The output is the lines below from the one with "Expandable Travel Bag" through the one with "Hawaii Medicaid Request", both included, printed exactly and with no other line.

[Records from a collection]
_ _ _ _ _ _ _

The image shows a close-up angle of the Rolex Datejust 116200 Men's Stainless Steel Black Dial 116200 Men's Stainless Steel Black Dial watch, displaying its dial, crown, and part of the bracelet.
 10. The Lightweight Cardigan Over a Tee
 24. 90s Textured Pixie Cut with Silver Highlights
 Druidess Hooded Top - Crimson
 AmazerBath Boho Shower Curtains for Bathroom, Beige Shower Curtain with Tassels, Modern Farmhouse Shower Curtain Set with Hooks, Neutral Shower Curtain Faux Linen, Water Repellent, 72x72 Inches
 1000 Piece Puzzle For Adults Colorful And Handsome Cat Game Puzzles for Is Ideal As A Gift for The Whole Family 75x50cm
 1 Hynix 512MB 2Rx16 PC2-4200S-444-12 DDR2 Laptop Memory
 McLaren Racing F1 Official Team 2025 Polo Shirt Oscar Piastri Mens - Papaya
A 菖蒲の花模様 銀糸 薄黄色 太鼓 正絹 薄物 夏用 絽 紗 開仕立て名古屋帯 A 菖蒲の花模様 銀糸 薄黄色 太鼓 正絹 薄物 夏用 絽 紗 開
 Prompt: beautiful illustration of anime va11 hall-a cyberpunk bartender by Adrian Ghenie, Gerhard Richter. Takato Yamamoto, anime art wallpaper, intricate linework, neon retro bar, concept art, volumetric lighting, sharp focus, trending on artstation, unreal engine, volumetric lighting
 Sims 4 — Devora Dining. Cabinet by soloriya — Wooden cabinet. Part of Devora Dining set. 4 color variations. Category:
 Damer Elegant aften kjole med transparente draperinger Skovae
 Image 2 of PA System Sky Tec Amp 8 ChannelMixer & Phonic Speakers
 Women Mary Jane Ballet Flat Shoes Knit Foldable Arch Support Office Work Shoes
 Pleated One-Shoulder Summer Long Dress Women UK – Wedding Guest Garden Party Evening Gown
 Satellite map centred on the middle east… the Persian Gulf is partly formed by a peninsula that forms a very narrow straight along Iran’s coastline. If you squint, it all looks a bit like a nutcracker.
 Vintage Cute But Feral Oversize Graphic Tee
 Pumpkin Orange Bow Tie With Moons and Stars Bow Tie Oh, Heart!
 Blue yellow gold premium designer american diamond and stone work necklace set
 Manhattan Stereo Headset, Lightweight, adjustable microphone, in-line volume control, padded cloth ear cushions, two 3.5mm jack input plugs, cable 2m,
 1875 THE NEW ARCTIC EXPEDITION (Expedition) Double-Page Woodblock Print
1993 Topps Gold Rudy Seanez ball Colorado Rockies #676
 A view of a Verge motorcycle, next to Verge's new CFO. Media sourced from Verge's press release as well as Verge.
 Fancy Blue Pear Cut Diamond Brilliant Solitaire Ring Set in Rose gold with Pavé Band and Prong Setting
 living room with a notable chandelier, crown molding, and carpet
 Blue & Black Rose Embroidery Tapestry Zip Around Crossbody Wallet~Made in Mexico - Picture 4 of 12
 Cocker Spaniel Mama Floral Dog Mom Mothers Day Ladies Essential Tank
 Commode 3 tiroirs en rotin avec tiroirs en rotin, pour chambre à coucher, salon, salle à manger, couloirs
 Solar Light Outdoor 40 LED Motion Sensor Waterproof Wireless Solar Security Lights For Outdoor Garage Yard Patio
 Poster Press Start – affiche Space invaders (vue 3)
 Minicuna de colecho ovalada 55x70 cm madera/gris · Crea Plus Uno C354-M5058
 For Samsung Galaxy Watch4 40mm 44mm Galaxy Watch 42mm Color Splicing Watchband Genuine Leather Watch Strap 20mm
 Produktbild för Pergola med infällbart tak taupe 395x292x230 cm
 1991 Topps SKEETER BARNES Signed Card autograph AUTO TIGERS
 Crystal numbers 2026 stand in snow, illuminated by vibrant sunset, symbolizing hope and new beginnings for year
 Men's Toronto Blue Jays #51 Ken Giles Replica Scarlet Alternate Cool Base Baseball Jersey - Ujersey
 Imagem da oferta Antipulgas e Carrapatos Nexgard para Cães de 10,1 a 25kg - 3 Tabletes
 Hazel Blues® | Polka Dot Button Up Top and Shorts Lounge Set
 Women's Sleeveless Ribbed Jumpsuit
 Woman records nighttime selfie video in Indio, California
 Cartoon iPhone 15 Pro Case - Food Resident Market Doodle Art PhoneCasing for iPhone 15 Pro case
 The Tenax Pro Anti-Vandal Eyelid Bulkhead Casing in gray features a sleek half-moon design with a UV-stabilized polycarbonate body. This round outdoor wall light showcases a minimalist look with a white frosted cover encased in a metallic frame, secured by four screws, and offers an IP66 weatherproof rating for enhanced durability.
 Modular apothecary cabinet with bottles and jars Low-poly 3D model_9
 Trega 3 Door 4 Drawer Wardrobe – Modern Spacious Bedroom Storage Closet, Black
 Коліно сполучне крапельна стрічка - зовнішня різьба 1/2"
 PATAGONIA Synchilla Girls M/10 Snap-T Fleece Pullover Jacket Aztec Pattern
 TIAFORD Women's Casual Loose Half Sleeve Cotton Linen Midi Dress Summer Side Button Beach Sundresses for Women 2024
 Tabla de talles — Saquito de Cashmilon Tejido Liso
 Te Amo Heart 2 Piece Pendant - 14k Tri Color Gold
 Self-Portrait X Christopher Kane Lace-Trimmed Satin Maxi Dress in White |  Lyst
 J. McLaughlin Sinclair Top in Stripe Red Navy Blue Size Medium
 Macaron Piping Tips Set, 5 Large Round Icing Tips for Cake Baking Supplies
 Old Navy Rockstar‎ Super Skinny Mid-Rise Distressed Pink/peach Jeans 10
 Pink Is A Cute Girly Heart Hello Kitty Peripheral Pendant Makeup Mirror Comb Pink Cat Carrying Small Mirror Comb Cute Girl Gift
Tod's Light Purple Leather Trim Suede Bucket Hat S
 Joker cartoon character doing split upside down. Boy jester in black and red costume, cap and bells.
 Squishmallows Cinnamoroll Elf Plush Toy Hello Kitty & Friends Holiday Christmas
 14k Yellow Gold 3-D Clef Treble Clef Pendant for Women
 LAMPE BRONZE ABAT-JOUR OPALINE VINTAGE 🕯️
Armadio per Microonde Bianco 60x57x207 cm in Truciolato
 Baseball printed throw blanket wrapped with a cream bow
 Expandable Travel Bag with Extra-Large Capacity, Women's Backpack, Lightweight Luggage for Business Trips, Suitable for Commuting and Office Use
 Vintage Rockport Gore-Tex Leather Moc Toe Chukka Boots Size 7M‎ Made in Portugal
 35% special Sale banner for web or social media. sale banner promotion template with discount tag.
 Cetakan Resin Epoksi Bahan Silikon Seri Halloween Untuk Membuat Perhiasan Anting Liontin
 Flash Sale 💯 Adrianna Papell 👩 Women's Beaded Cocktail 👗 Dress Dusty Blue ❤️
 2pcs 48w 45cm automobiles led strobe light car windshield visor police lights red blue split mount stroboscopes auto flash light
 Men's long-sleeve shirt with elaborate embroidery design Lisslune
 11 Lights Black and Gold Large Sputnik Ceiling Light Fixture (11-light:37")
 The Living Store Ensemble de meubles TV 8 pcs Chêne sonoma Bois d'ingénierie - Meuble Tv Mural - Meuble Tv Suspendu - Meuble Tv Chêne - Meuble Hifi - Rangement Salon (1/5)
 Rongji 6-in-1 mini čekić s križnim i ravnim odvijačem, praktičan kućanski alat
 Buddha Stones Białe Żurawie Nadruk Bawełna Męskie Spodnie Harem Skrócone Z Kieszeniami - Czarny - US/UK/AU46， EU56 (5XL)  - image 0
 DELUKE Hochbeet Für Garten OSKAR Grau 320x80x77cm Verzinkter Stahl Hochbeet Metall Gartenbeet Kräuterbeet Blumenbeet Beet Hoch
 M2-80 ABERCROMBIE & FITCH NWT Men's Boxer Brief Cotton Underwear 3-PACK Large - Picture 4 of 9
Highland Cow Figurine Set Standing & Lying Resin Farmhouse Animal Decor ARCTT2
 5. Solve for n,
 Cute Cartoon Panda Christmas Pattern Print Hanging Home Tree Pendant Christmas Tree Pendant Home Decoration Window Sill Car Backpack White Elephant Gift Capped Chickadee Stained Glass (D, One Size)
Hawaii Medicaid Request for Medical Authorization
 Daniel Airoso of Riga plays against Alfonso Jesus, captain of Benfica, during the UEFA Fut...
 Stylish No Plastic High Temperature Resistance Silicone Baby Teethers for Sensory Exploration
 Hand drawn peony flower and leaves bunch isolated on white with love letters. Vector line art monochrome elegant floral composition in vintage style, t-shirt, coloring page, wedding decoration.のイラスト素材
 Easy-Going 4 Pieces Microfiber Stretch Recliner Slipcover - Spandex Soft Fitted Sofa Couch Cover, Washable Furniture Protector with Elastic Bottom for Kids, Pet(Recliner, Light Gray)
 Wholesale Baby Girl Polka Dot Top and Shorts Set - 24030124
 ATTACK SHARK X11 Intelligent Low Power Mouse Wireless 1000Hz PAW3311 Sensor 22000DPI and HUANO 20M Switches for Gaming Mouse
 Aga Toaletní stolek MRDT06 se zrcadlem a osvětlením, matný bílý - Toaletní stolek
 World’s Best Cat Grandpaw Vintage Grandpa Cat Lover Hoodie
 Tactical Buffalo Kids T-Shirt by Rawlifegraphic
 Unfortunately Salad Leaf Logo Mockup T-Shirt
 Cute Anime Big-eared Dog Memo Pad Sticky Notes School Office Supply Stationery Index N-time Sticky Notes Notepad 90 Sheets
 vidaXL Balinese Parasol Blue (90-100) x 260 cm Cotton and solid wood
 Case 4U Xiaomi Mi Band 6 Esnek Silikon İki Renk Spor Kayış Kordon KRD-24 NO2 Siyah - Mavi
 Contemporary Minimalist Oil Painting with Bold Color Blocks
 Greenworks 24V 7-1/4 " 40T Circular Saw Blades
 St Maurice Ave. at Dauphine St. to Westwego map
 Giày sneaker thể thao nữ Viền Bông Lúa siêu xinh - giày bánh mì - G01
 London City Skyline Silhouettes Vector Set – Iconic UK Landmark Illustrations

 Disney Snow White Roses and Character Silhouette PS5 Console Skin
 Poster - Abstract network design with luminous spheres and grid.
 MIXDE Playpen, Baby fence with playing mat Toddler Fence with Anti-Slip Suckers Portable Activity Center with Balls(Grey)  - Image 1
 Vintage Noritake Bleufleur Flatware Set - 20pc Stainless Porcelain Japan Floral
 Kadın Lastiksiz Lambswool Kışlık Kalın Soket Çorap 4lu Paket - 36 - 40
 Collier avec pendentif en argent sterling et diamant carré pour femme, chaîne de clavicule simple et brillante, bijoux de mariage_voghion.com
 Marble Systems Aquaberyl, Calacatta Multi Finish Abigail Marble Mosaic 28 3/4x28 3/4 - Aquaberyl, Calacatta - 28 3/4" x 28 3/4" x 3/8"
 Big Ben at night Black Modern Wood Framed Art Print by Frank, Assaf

_ _ _ _ _ _ _

- COMPLETED TASK:
 Expandable Travel Bag with Extra-Large Capacity, Women's Backpack, Lightweight Luggage for Business Trips, Suitable for Commuting and Office Use
 Vintage Rockport Gore-Tex Leather Moc Toe Chukka Boots Size 7M‎ Made in Portugal
 35% special Sale banner for web or social media. sale banner promotion template with discount tag.
 Cetakan Resin Epoksi Bahan Silikon Seri Halloween Untuk Membuat Perhiasan Anting Liontin
 Flash Sale 💯 Adrianna Papell 👩 Women's Beaded Cocktail 👗 Dress Dusty Blue ❤️
 2pcs 48w 45cm automobiles led strobe light car windshield visor police lights red blue split mount stroboscopes auto flash light
 Men's long-sleeve shirt with elaborate embroidery design Lisslune
 11 Lights Black and Gold Large Sputnik Ceiling Light Fixture (11-light:37")
 The Living Store Ensemble de meubles TV 8 pcs Chêne sonoma Bois d'ingénierie - Meuble Tv Mural - Meuble Tv Suspendu - Meuble Tv Chêne - Meuble Hifi - Rangement Salon (1/5)
 Rongji 6-in-1 mini čekić s križnim i ravnim odvijačem, praktičan kućanski alat
 Buddha Stones Białe Żurawie Nadruk Bawełna Męskie Spodnie Harem Skrócone Z Kieszeniami - Czarny - US/UK/AU46， EU56 (5XL)  - image 0
 DELUKE Hochbeet Für Garten OSKAR Grau 320x80x77cm Verzinkter Stahl Hochbeet Metall Gartenbeet Kräuterbeet Blumenbeet Beet Hoch
 M2-80 ABERCROMBIE & FITCH NWT Men's Boxer Brief Cotton Underwear 3-PACK Large - Picture 4 of 9
Highland Cow Figurine Set Standing & Lying Resin Farmhouse Animal Decor ARCTT2
 5. Solve for n,
 Cute Cartoon Panda Christmas Pattern Print Hanging Home Tree Pendant Christmas Tree Pendant Home Decoration Window Sill Car Backpack White Elephant Gift Capped Chickadee Stained Glass (D, One Size)
Hawaii Medicaid Request for Medical Authorization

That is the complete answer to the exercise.